By Keith Vaz , Chair, All Party Parliamentary Group for Yemen

IN 24 hours’ time, the United Kingdom will take control of the rotating residency of the United Nations Security Council. In assuming the Presidency, we will play an essential role in the functioning of the Security Council: we will prepare the programme of work for the month, organise and chair meetings, and release the decisions, declarations and press releases of the Council. The UK plans to focus on three primary issues when it assumes the presidency. These are Myanmar, elections in the Democratic Republic of Congo and a general look at conflict mediation. All of these issues are extremely important and the UK is right to put them on the record. However, there is one clear and glaringly obvious oversight: Yemen.

While UN Special Envoy to Yemen Martin Griffiths will be reporting to the Security Council this Thursday on the progress with negotiations, Yemen should be a matter of priority at the UN for the UK. Yemen is the world’s worst humanitarian crisis; 22.2 million people countrywide need urgent humanitarian assistance. The UK has a moral imperative to push for peace in Yemen, not only because we “hold the pens” on Yemen in the UN Security Council and now hold the presidency, but because we are a major arms exporter to the combatants. Not specifically placing Yemen on the agenda is an unacceptable omission.

Recently I, along with Alison Thewliss (Glasgow Central) Andrew Mitchell (Sutton Coldfield) and Douglas Chapman (Dunfermline and West Fife) co-ordinated a letter to the Prime Minister calling on her to remove material support for the Saudi-Emirati-led coalition if an attack on Hudaydah Port occurred. This letter has now been signed by 75 MPs including three party leaders and three Select Committee Chairs.
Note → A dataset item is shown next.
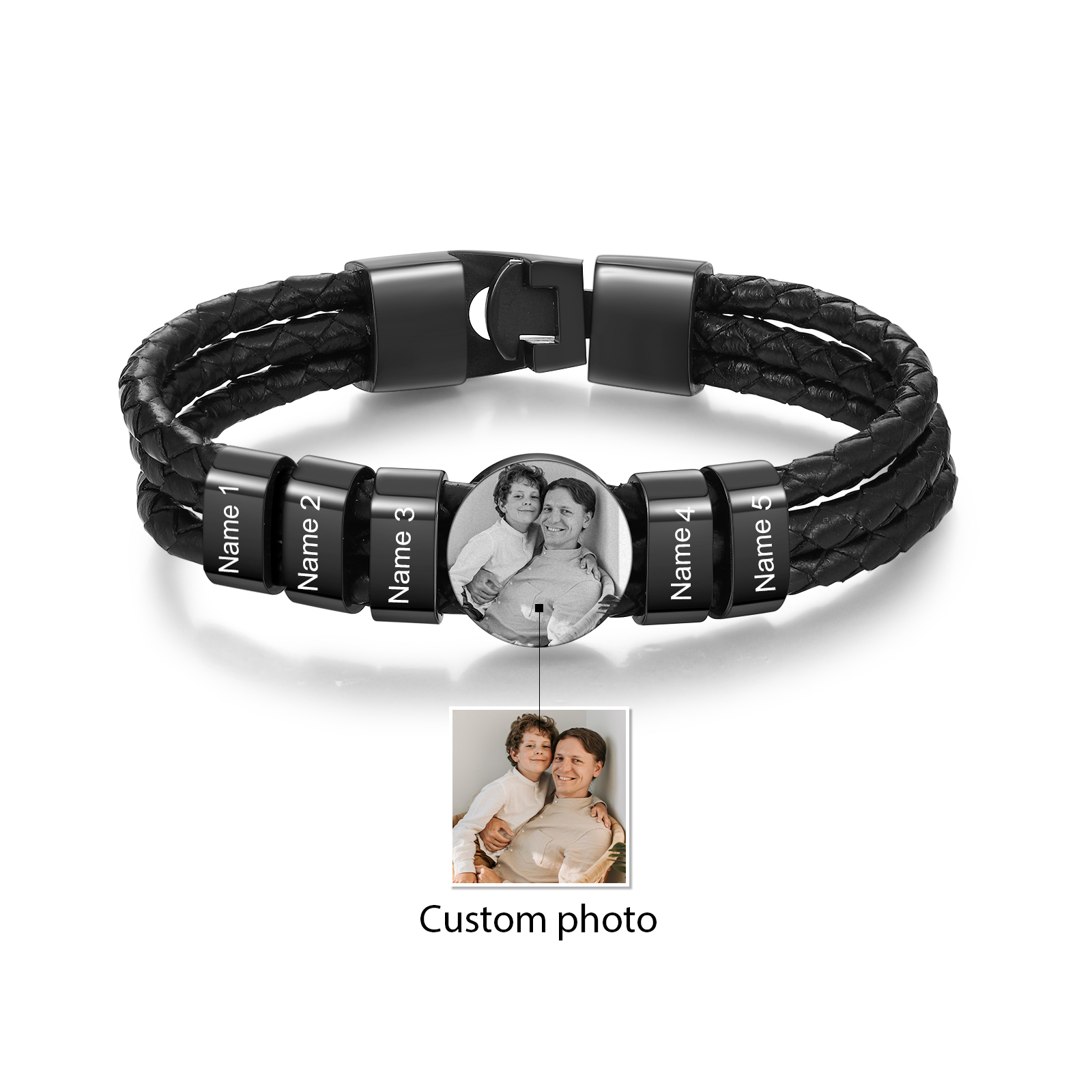 Personalised Men's Leather Bracelet Custom 5 Names & 1 Photo Braided Bracelet Father's Day Gifts for Him-Jessemade AU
While the coalition did embark on an assault on Hudaydah province they have wisely paused these offensives and have not yet attacked the Port. With the presidency of the UN Security Council, the UK should be making a clear case that the humanitarian consequences of a military attack on the port would be monumental and unacceptable.

Parliamentary opinion in the UK is clear. We must push to find a negotiated solution to the conflict and end the relentless suffering that has devoured the people of Yemen since 2015. As the All Party Parliamentary Group (APPG) called for in its recent report Yemen: The Continuing Tragedy, the UK must use its position at the Security Council to push for a new resolution. This resolution should set out an inclusive peace process in which all major actors and representatives of diverse civil society – including women, youth and representation of different regional, tribal, cultural and religious groups– are included.

Raising this at the highest possible level at the United Nations Security Council is by far the most effective way to get international attention focused on Yemen and the world’s “forgotten war”. The Government has gone to great pains to promote the new post-Brexit “Global Britain” but shirking our international responsibilities damages our reputation globally.

On the day of his resignation, I received a letter from then Foreign Secretary Boris Johnson saying that Yemen was a priority for the Government. Yet not putting it on the agenda at the UN Security Council shows that is clearly not an agenda-setting priority. For too long at the UN the UK has sat on its hands and not fully utilised its influence in the UN. I implore our new Foreign Secretary Jeremy Hunt and Karen Pierce, UK Permanent Representative to the UN, to seize this opportunity and put Yemen at the top of the UN’s agenda.